This article primarily aims to throw light on the recent decision delivered by the Supreme Court in the case of Sarojben Ashwinkumar Shah Etc. v. State of Gujarat & Ors, where court laid down certain principles to make the procedure to be followed while applying Section 319 of the Code of Criminal Procedure, 1973 which empowers a court to adjoin a person, though not being an accused while the suit was filed turns out to be a person who can be tried along with other accused. This particular case relates to the concept of partnership and the liability of the partners towards each other. Allowing the appeal, court laid down following guidelines to be applied while putting into consideration section 319 –
“(i) The Court can exercise the power conferred on it under Section 319 of the Code suo motu or on an application by someone.
(ii) The power conferred under Section 319(1) applies to all courts including the Sessions Court.

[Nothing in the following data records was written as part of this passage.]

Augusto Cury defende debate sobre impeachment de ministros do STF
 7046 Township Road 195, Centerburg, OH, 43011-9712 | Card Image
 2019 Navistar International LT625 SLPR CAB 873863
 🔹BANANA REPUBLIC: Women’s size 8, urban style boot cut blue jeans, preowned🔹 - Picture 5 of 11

(iii) The phrase “any person not being the accused” occurring in Section 319 does not exclude from its operation an accused who has been released by the police under Section 169 of the Code and has been shown in Column 2 of the charge-sheet. In other words, the said expression covers any person who is not being tried already by the court and would include person or persons who have been dropped by the police during investigation but against whom evidence showing their involvement in the offence comes before the court.
(iv) The power to proceed against any person, not being the accused before the court, must be exercised only where there appears during inquiry or trial sufficient evidence indicating his involvement in the offence as an accused and not otherwise. The word `evidence’ in Section 319 contemplates the evidence of witnesses given in court in the inquiry or trial. The court cannot add persons as accused on the basis of materials available in the charge- sheet or the case diary but must be based on the evidence adduced before it. In other words, the court must be satisfied that a case for addition of persons as accused, not being the accused before it, has been made out on the additional evidence let in before it.

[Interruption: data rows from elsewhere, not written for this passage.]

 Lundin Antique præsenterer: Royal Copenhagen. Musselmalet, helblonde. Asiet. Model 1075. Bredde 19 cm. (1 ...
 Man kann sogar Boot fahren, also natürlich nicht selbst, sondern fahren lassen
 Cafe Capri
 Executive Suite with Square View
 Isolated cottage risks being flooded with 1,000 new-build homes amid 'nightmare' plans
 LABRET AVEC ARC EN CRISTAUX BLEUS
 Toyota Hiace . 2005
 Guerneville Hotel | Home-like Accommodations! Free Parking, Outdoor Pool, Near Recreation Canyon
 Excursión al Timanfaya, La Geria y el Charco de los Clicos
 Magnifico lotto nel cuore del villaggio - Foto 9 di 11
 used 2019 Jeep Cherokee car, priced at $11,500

(v) The power conferred upon the court is although discretionary but is not to be exercised in a routine manner. In a sense, it is an extraordinary power which should be used very sparingly and only if evidence has come on record which sufficiently establishes that the other person has committed an offence. A mere doubt about involvement of the other person on the basis of the evidence let in before the court is not enough. The Court must also be satisfied that circumstances justify and warrant that other person be tried with the already arraigned accused.
(vi) The court while exercising its power under Section 319 of the Code must keep in view full conspectus of the case including the stage at which the trial has proceeded already and the quantum of evidence collected till then.
(vii) Regard must also be had by the court to the constraints imposed in Section 319 (4) that proceedings in respect of newly – added persons shall be commenced afresh from the beginning of the trial.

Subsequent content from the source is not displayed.